First Man ~ A Capsule Movie Review by Allen Kopp
It’s hard to believe it’s been forty-nine years since the first manned space flight to the moon. In July 1969, America bested the Soviet Union in the space race by overcoming the immense dangers and technological challenges of putting a living, breathing human man on the face of the moon and safely returning him to earth. It was the culmination of all the manned space flights of the sixties. The moon was always the ultimate goal. As John F. Kennedy said in 1961, “We do it not because it’s easy but because it’s hard.”
First Man is about the first manned space flight to the moon but, more than that, it’s a personal story about the man, Neil Armstrong, who first stepped out of the “lunar module” onto the surface of the moon—the first-ever human being from earth to set foot on another world outside his own. First Man chronicles the difficulties involved in getting a man on the moon and the personal toll to those involved.
Neil Armstrong was a regular-guy family man. He was quiet, modest, self-effacing and not given to displays of ego or emotion, even with his family. When his small daughter, Karen, dies of cancer, he carries his grief alone. He works in one of the most dangerous professions known to man, but he never shows his fear or lets it get the best of him, even when some of his colleagues die in horrific “accidents.” And when he becomes, for a time, the most famous man on earth for being the first man on the moon, he doesn’t care about adoration or fame. During a press conference when a reporter asks him how he felt when he was chosen to be the head of the first manned mission to the moon, he says, “I was pleased.” When called upon to expound upon these feelings, he says, “I was pleased.” This simple phrase encapsulates his demeanor perfectly.
Current movie star Ryan Gosling (La La Land, Blade Runner 2049) plays Neil Armstrong with humility and sincerity. We never feel like we’re watching a movie star justifying his twelve-million dollar paycheck so he can line up his next twelve-million-dollar project. An actress named Claire Foy, whom I had never seen before, is impressive as Neil Armstrong’s wife, Janet. She also seems simple and sincere. We see what she’s going through, knowing that her husband might never come home again from his latest mission.

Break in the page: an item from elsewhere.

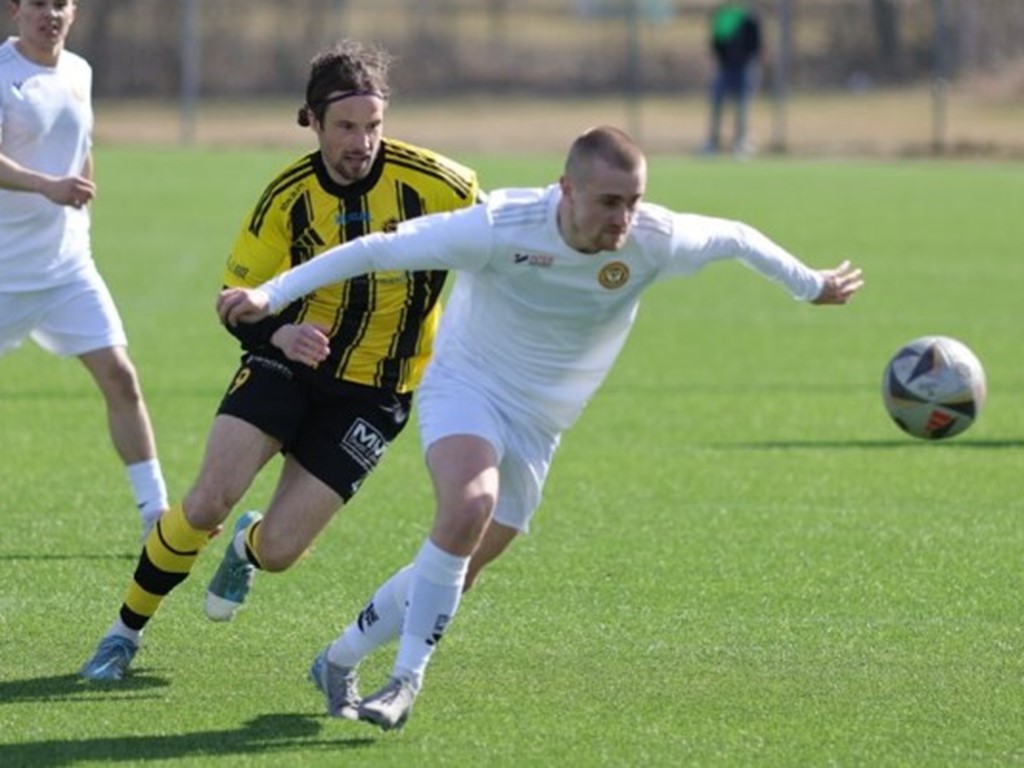 Linus Hallenius och de övriga i Kuben hängde inte med Friska Viljor i division 2-comebacken utan föll med 0-2 i den blåsiga premiären hemma på konstgräset. Foto: Anders Thorsell, Sportactionpictures.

She has to corral the kids and deal with obstreperous reporters on her front lawn. At one point she stands up to the fellows at NASA when they try to assure her that everything is all right and she tells them they’re like a bunch of little boys playing with balsawood airplanes and they don’t know what they’re doing.

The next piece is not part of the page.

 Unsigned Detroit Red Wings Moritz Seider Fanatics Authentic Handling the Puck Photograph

First Man is an impressive October movie (with a knock-out music score and special effects) that might disappear without being seen amid all the youth-oriented fluff and crap that floods multiplex movie screens. It’s a serious movie for the serious moviegoer. There are no women in lingerie, no risqué jokes, no bad language (one use of the “F” word that I noticed), no car chases, no explosions, no boudoir scenes, and no reason not to see it.